PREDICTIONS’ END: Tomorrow, at least, they’ll stop their predicting! In yesterday’s Post, Washington’s giants showcased their sooth-saying skills once again in the “13th Biennial Crystal Ball Contest.” Yes, the Post dragged out the “experts” again, letting them forecast tomorrow’s elections. So you’ll know, here’s the way the Webb-Allen race will turn out:
ACCORDING TO TUCKER CARLSON: Allen 48, Webb 52
ACCORDING TO AMY WALTER: Allen 52, Webb 48
There! At least that’s settled! What conclusion did we draw from this pair of predictions? At least one of these two people isn’t an expert! By the way: Note how the Republicans in the Post panel all pick Allen, while the lone Democrat goes with Webb. No, these folk can’t predict elections. But you can predict what they’ll predict!

Why do these people insist on predicting when it’s so clear that they don’t have this skill?
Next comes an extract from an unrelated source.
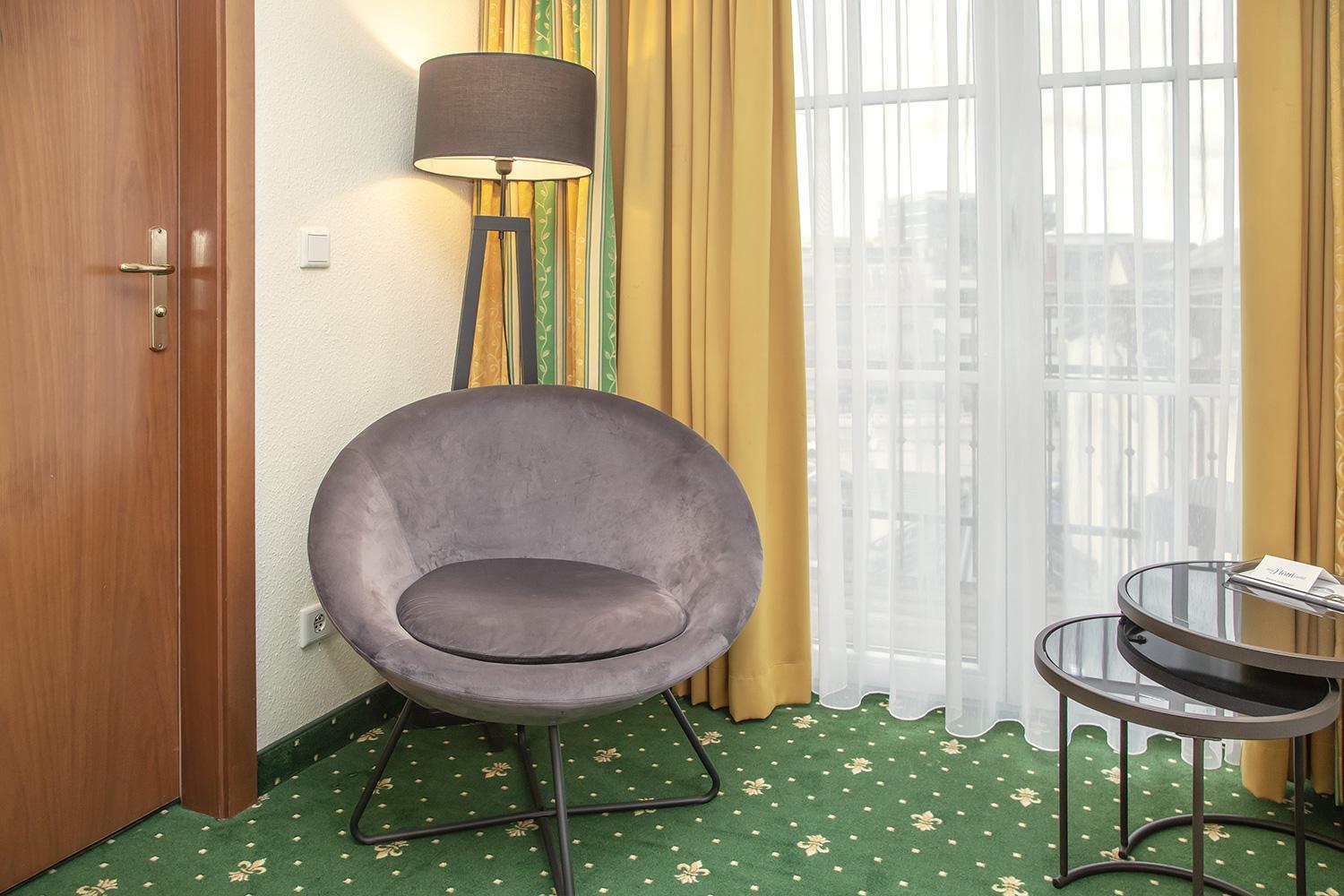 Hotel-Gasthof Hoettl เดกเกนดอร์ฟ ภายนอก รูปภาพ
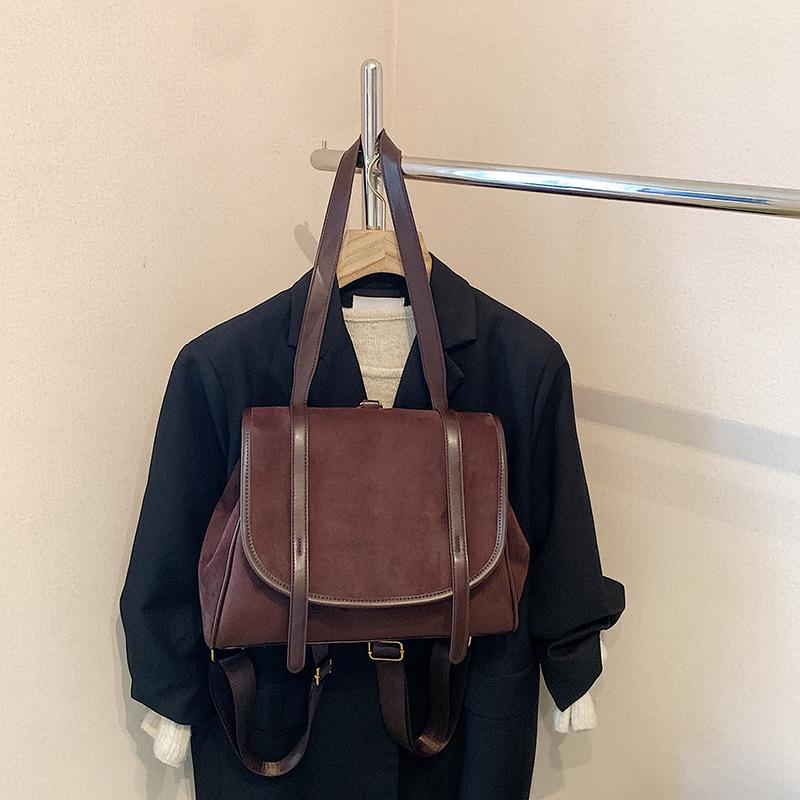 Casual Commuting Retro Large-capacity Shoulder Bag Women's 2025 New Autumn and Winter Popular Backpack Schoolbag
We enjoyed a good solid chuckle on October 25, when Dana Milbank penned a profile of Charlie Cook, described as Washington’s “Prophet on the Potomac.” Milbank described the five-figure fees Charlie gets for his deathless predictions. The humor came when Dana admitted that Charlie isn’t “always on the mark.” According to Dana, Charlie “admits to having ‘tread marks on my forehead’ after understating the Republican gains in '94.” How far off was Charlie that year? For decency’s sake, Dana didn’t tattle. But if Charlie couldn’t even predict that event, why should we heed his predictions today? Uh-oh! Early on, Dana portrayed The Great Char-nac in action:
MILBANK: All [his clients] are looking for the same thing: next month's election returns. And Cook has them. "Senators Santorum in Pennsylvania and Mike DeWine in Ohio are pretty much done," he told the Piper audience at the Willard hotel. And the lifelines of Sens. Conrad Burns (R-Mont.) and Lincoln Chafee (R-R.I.) aren't looking any longer. "I'd be surprised if any of those four can survive," Cook informed the crowd of lobbyists, diplomats and journalists.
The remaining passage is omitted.